WHAT TO PRODUCE: Would you return the data exactly as given, except for its pictures?

____ RECORDED INFORMATION

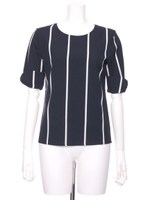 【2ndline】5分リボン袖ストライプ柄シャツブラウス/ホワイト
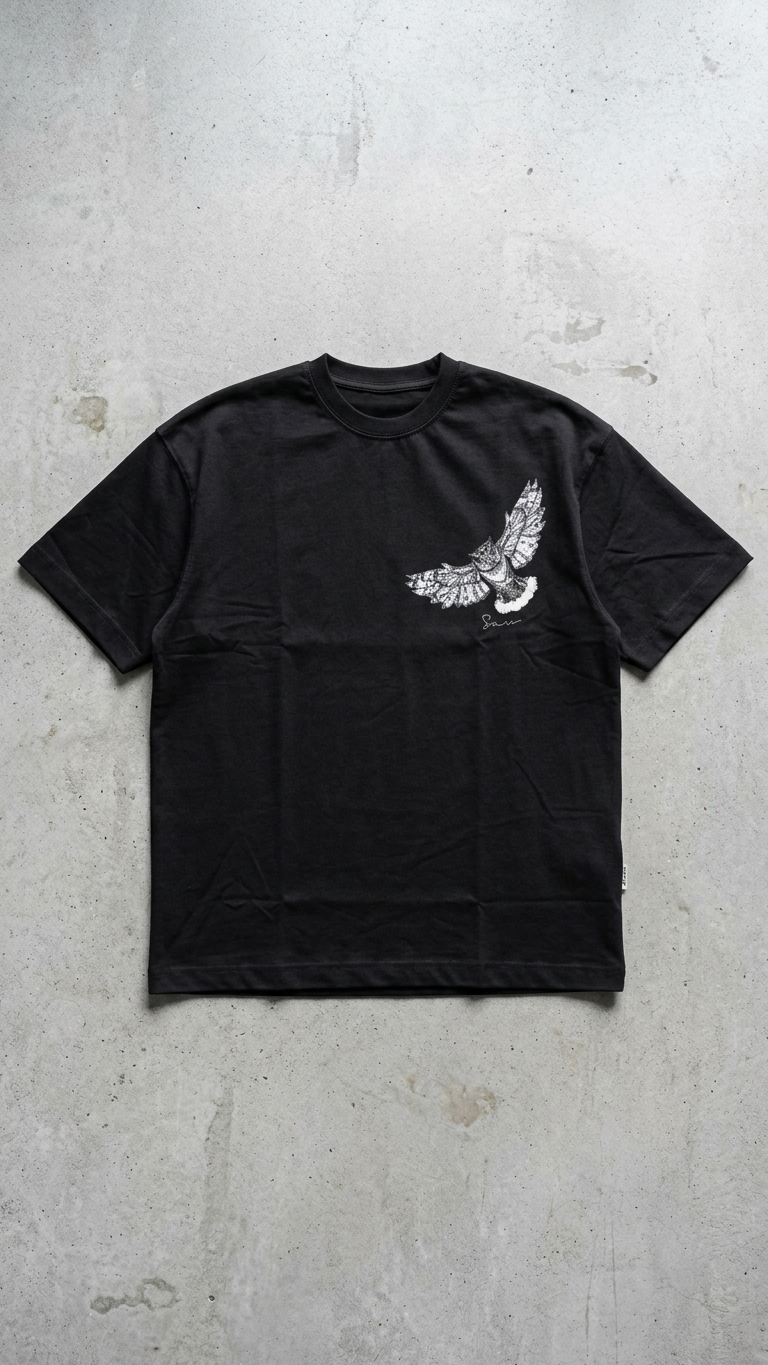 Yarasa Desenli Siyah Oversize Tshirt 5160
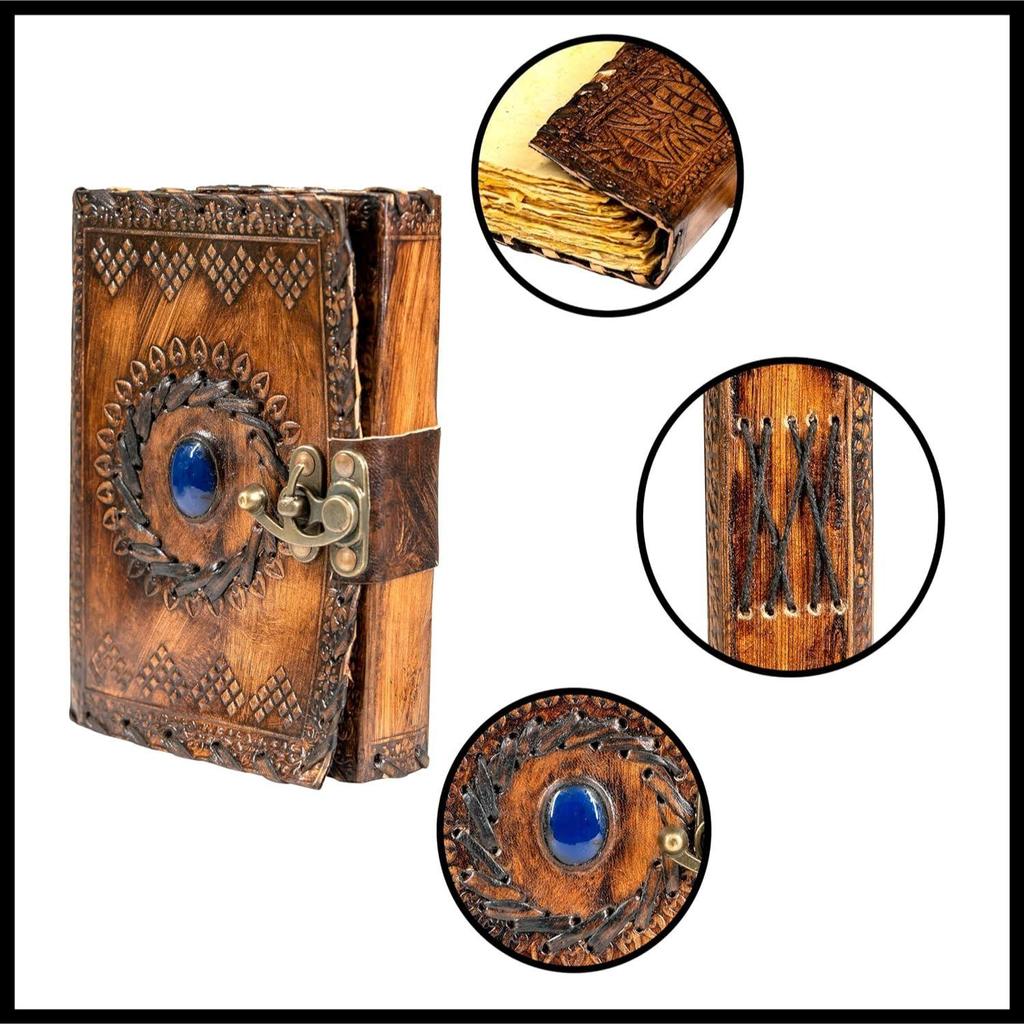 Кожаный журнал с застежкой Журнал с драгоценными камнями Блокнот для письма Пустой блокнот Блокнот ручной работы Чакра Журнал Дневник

________

ANSWER:
 【2ndline】5分リボン袖ストライプ柄シャツブラウス/ホワイト
 Yarasa Desenli Siyah Oversize Tshirt 5160
 Кожаный журнал с застежкой Журнал с драгоценными камнями Блокнот для письма Пустой блокнот Блокнот ручной работы Чакра Журнал Дневник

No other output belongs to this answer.